As a way of introducing the book I thought I would share some reflections on why I wrote the book, outlining the personal interests that motivated me to see this project through to its completion.

I have always been aware that one of the characteristics of great teachers is that they have the ability to improvise. In fact most teachers when asked if they think that improvisation is important to their practice will not only say ‘yes’ but will then be able to supply a story about how some of their best teaching occurred when the premeditated lesson plan was abandoned.

Furthermore, when a teacher chooses to improvise, or is forced to do so, it can lead to some of their best experiences as an educator. They come alive as they step ‘into the moment’, respond to the unexpected and gain confidence in their ability to engage with and relate to students. Out of necessity they draw upon their full range of professional experiences and who they are as a person. I consider that teacher improvisations provide a portal into the nature of teacher expertise. However not every teacher has the confidence to talk about the way they improvise and to share that skill with others. Why might this be? I think it is because they don’t have the concepts or the vocabulary to celebrate one of their key skills.

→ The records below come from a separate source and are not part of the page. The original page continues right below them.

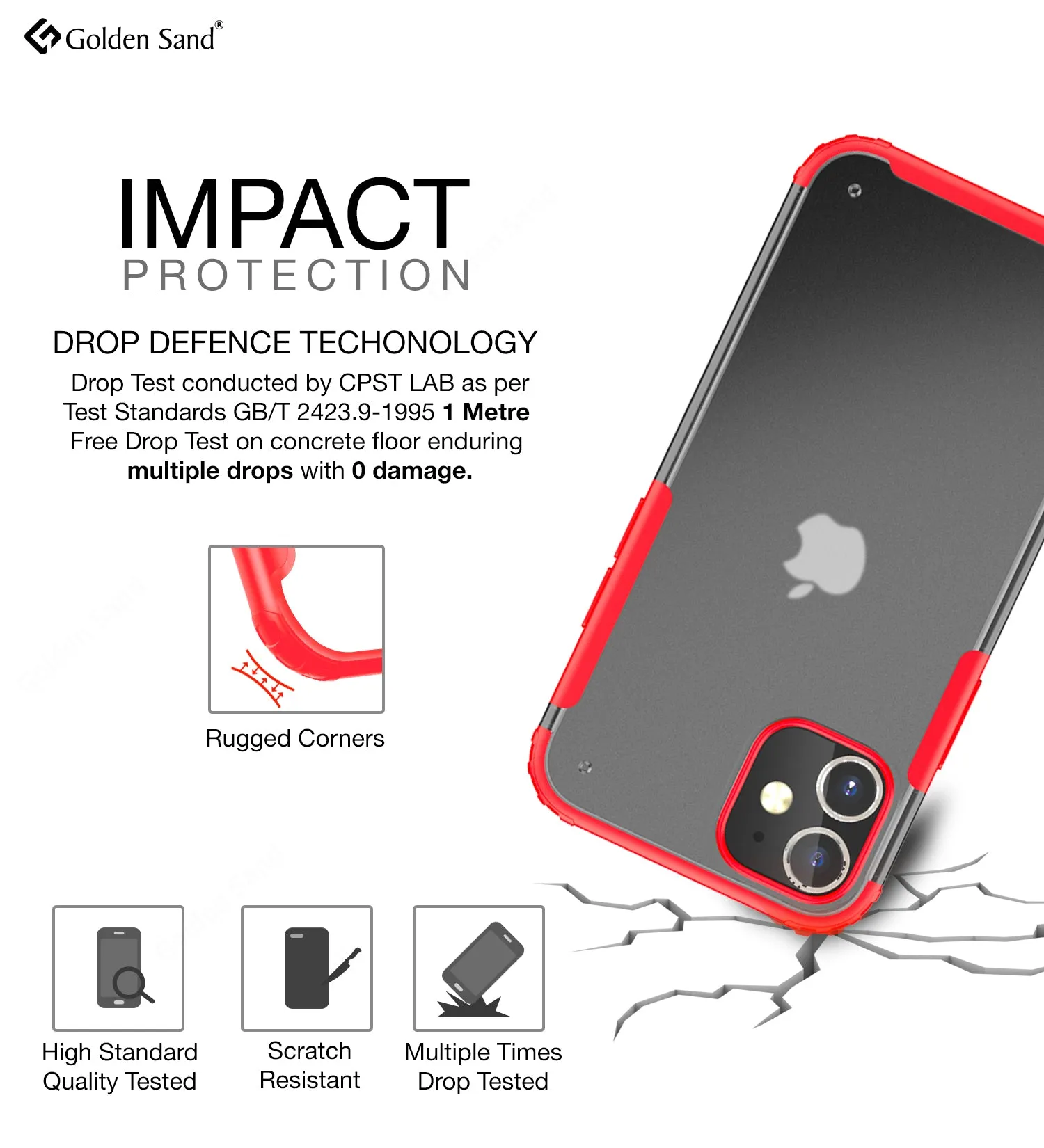 Rugged Frosted Series Semi Transparent PC Shock Proof Slim Back Cover for Apple iPhone 12, Red
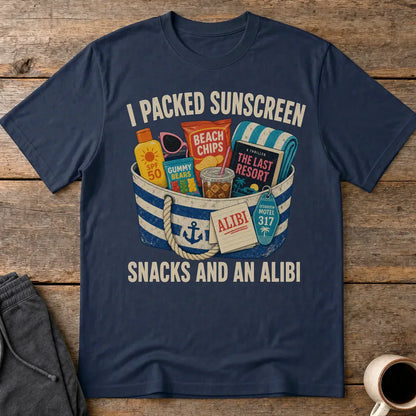 Packed Sunscreen Snacks and an Alibi T-Shirt - Navy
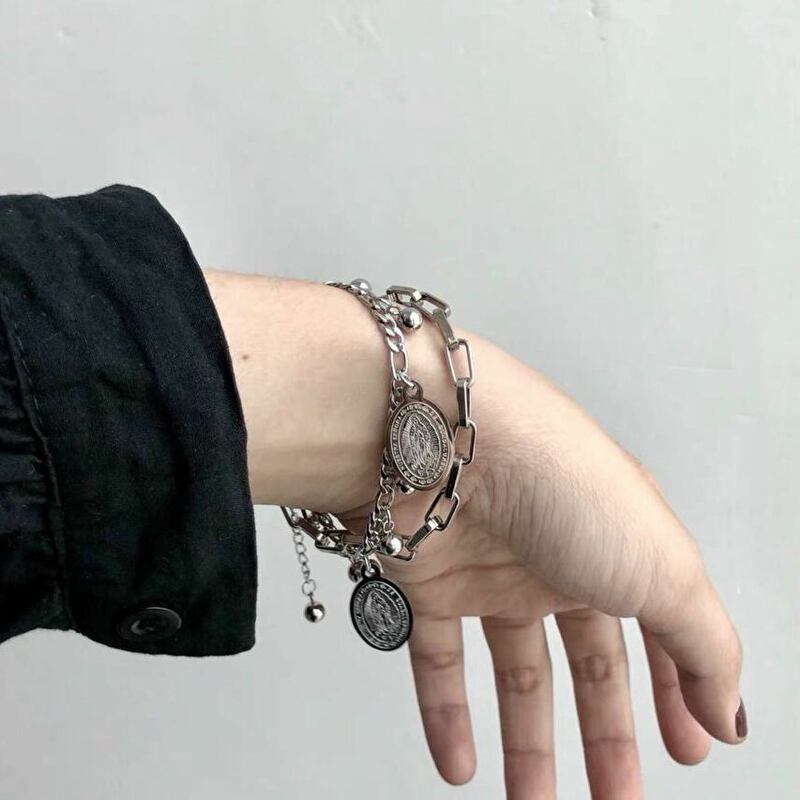 サブカル 服 地雷系 通販 ブレスレット コイン型 ジーザス チェーン 闇かわいい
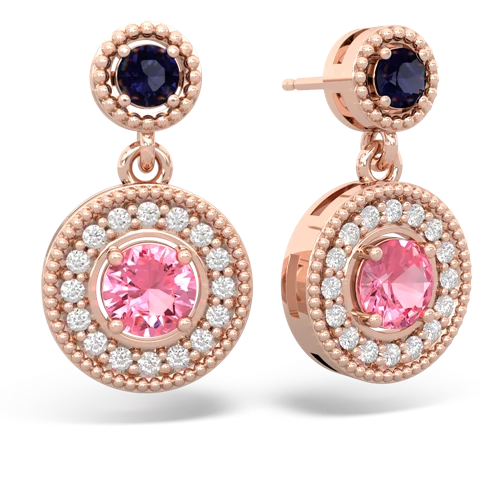 sapphire-pink sapphire halo earrings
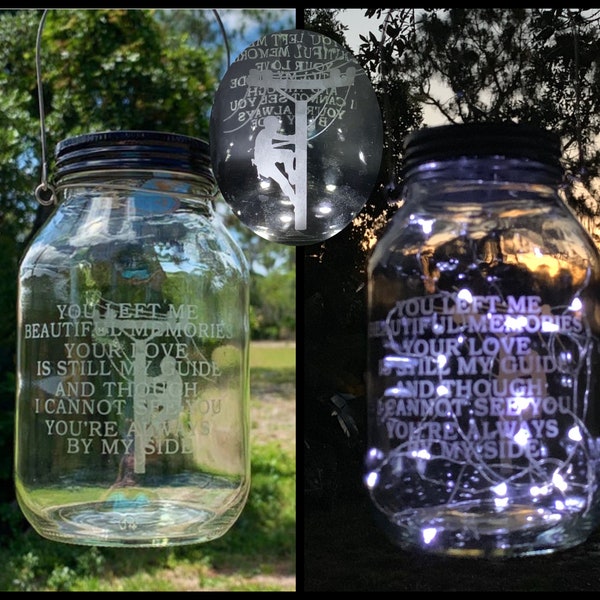 Grave Lantern Cemetery Decoration, Solar Light,  Loss Of Lineman, Electric Worker, In Memory Of Grave Decoration, Etched Glass Sympathy Gift
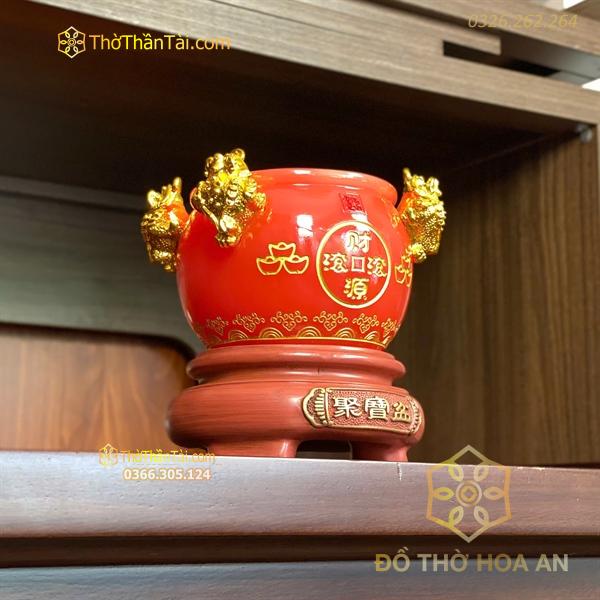 Bồn Tụ Bảo Chiêu Tài Bột Đá Đỏ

My curiosity about this motivated me to undertake a research project to study the improvisatory nature of expert teaching. Three personal interests drove this research. The first of these is my long-standing interest in improvisation as a musician (I am a jazz saxophonist) and as researcher. My academic interest in improvisation began in the mid 1980s when I enrolled for the Independent Studies MA in Education at the University of Sussex. This provided me with an opportunity to explore improvisation as a significant and identifiable mode of creativity that could be found in all the Arts, not just in music (Sorensen, 1988)

Having gained my Masters I was very aware that there was so much more to be said about improvisation, particularly in the context of ‘everyday life’. In our social lives we improvise continually: whenever we engage in a conversation, try to do something we haven’t done before or ‘make do’ with the resources that we have available. If improvisation is all around us surely it must be happening in the classroom?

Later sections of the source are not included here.